Uh, on July 4, 1776 we introduced the Declaration of Independence, a statement ridding us of a nasty and arrogant imperialist power that was horribly taxing us. When we told them to "be gone," they didn't listen and sailed over across the pond to make us kneel before them, but they eventually sailed home with their tail between their legs.
Several other emerging countries (like the Vietnamese against the French) modeled their independence declarations off the US's Declaration of Independence. Hardly anyone knows that Ho Chi Minh was inspired by the US's 1776 statement and based Vietnam's proclamation in 1946 off of it. He approached Harry Truman (president of the US then) for help against the French, but Truman refused and aided the French instead. This could have prevented America's war against Vietnam. Aargh.
oranos64, many Christians and Muslims in the US celebrate Halloween too, but we just don't pay that much attention to the history behind the holiday. It's just a fun time for children to dress up in costumes and collect candy from the neighbors.
Sorry Mills, I still abide by my request for the U.S. to introduce anything worthwhile (not just a re-hash of existing policy)

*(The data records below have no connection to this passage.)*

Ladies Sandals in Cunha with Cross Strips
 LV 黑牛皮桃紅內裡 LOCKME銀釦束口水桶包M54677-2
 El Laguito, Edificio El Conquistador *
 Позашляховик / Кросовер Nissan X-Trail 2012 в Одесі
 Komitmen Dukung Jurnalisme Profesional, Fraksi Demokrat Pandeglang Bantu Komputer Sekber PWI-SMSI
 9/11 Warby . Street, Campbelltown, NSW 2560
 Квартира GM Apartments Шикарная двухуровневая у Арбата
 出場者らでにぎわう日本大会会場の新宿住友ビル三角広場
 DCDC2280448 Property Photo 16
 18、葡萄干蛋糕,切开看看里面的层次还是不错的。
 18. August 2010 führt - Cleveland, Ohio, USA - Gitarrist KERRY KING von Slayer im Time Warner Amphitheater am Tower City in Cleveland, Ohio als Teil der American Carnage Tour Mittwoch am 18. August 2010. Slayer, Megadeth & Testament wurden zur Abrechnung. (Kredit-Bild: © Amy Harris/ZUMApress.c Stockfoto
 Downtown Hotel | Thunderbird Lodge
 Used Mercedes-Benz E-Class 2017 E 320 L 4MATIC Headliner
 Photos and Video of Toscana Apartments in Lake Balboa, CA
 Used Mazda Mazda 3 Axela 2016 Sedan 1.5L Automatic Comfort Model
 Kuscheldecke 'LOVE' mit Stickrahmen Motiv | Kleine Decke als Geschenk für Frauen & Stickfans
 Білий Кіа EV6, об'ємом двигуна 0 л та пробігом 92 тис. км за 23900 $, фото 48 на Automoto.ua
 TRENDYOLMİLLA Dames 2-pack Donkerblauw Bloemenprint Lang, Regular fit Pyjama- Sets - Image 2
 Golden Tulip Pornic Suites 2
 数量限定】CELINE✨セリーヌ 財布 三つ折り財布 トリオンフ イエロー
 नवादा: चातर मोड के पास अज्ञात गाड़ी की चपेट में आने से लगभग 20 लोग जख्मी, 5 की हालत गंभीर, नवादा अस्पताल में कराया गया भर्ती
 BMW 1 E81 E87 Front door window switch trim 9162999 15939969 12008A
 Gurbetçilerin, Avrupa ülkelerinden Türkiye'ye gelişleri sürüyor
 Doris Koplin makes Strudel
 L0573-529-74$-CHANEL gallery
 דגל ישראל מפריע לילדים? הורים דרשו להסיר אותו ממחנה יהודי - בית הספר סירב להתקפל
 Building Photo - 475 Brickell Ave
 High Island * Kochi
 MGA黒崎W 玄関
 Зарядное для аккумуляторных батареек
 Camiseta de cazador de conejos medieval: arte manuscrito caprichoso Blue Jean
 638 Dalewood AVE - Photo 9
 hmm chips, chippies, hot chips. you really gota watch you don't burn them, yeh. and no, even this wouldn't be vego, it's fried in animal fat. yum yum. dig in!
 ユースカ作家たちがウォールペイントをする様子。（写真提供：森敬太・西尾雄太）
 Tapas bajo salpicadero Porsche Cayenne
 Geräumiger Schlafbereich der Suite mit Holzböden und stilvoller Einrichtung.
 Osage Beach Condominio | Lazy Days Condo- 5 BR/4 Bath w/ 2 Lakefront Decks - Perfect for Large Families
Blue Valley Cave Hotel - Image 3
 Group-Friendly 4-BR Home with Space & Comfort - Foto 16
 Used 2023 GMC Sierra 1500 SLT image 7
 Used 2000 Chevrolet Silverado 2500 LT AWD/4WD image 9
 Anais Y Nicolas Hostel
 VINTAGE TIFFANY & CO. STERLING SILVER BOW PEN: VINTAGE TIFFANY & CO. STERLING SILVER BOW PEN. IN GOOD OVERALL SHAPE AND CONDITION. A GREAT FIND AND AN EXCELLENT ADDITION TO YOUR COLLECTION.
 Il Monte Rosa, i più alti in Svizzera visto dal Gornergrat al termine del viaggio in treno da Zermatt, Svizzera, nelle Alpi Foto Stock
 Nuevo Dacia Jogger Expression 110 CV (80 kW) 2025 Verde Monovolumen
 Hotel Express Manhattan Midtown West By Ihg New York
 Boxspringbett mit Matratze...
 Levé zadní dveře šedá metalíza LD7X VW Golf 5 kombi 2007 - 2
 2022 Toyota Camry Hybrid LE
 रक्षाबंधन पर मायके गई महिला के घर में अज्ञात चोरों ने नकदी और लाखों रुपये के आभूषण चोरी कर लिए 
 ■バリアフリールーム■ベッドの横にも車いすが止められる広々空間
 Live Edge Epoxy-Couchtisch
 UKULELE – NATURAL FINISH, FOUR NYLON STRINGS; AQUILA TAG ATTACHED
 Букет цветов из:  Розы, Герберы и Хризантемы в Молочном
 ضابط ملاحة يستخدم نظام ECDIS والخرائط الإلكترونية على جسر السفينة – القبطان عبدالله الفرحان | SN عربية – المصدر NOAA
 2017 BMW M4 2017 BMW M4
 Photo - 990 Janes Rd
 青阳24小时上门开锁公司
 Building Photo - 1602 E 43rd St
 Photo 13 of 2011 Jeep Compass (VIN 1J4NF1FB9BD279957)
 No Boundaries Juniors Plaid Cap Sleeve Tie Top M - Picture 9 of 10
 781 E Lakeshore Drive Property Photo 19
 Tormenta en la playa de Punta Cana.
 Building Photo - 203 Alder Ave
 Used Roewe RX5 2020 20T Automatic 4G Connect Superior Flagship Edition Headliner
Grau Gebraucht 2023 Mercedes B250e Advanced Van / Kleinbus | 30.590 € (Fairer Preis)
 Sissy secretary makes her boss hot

The Declaration was drafted by Thomas Jefferson, with only minor participation by a committee that included John Adams, Benjamin Franklin, Roger Sherman, and Robert Livingston, pursuant to a resolution of the Second Continental Congress. It was adopted by Congress on 4 July 1776. Jefferson himself belittled the originality of his work, stating that, though he penned the Declaration without consulting other sources, it contained nothing novel in the way of political thought. In this, he was correct: the basic theory of the Declaration was derivative of the thought of Locke and reflected English Whig theory as it had evolved in the preceding century and a half. George Mason had anticipated much of the substance of Jefferson's ideas in his draft of the Virginia Declaration of Rights (12 June 1776), though the literary grace and felicity of Jefferson's Declaration eclipsed the ponderous lawyer's couplets and triplets of the Virginia Declaration.